Avery made the statement on the same day Karl Jacobson, a longtime veteran of the New Haven Police Department, was sworn in as the new police chief in the Elm City.
Jacobson said he plans to focus less on arrests and tickets, more on connecting with the community, preventing crimes, practicing accountability and building trust at a time when the department faces an investigation. It’s also facing the rightful public outcry over the severe injuries suffered by Randy Cox.
Connecticut State Police are investigating the case and Avery said her agency will coordinate with them and “our other law enforcement partners at the state and federal levels.”
Avery is right to let the public know she is closely monitoring the investigations into the circumstances that left Cox hospitalized and right to note that “all suspects taken into police custody must be afforded timely and appropriate medical care in the event of an emergency.”
In this case, while Cox was being taken in following his arrest, a New Haven police officer apparently made a hard stop to avoid a crash. That threw Cox into the wall of the transport van headfirst, according to video from the incident released by police.
Even worse, while the officer pulled over to check on Cox and called for medical attention, the officer didn’t follow protocol and drove to the detention facility instead of waiting for help. Cox was pleading for help.
Officers took Cox out of the van, holding him as he couldn’t move, put him in a wheelchair and processed him, police have said and the video shows. And after Cox slid from the wheelchair and told officers he thought his neck was broken, officers picked him up and carried him by his arms to a holding cell, where emergency services arrived and provided aid.

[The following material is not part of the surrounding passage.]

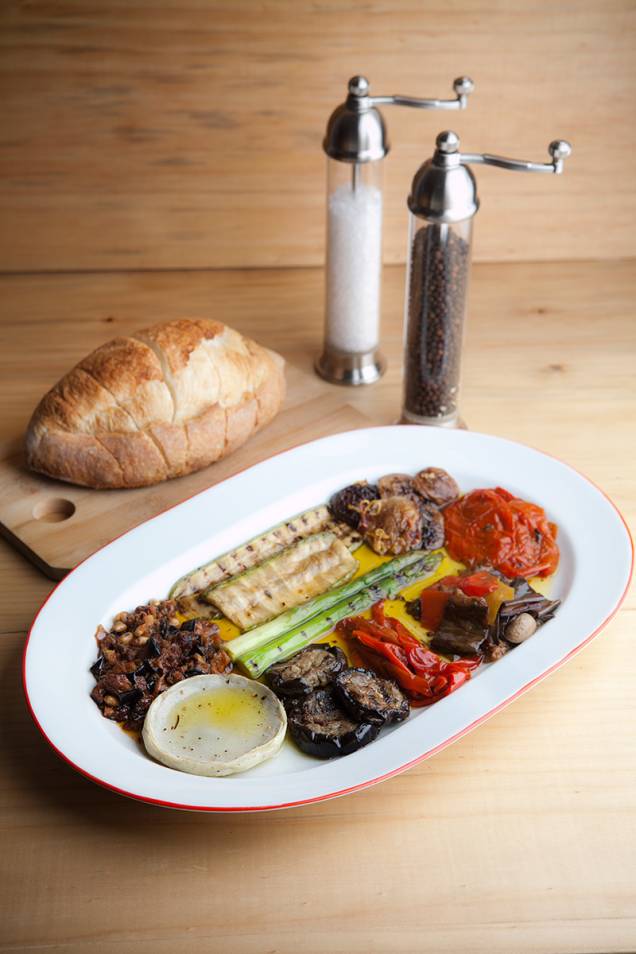 Antipasti: os comensais podem provar ali mesmo as pedidas Antipasti: os comensais podem provar ali mesmo as pedidas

The scenario as described and seen on the video makes anyone with any first aid training want to scream: What about neck and head injuries and not moving a person if you suspect one?
And there is something else here that is beyond belief: There were no seat belts in the New Haven vehicle, just loops and a bar to hold onto while handcuffed.
Seat belts are made to prevent exactly the kind of injury Cox suffered. They are made to protect people riding in a moving vehicle, and there is nothing this police department or any police agency could say that would provide an excuse for the lack of seat belts in any vehicle used to transport a detained person.
Randy Cox deserved that protection.
Civil rights attorney Ben Crump is representing Cox and his family. They will seek justice for Cox.
Avery said her “prayers are with” Cox and his family.
Avery said she thinks Jacobson and New Haven Mayor Justin Elicker “acted expeditiously and reported publicly on some actions already taken” by that city, including suspending several officers and a “commitment to reform NHPD practices.”
New Haven then announced Thursday a series of reforms that will include the use of seat belts for all detainees “in any transport vehicle.” There is a stated exception and “approval requirements” for when “a prisoner is combative or officer safety considerations make doing so impractical.”
But one of the reform moves should be statewide — nationwide even — and include adding seat belts to any vehicle any police department uses, and no vehicle should be used to transport arrestees until this is done.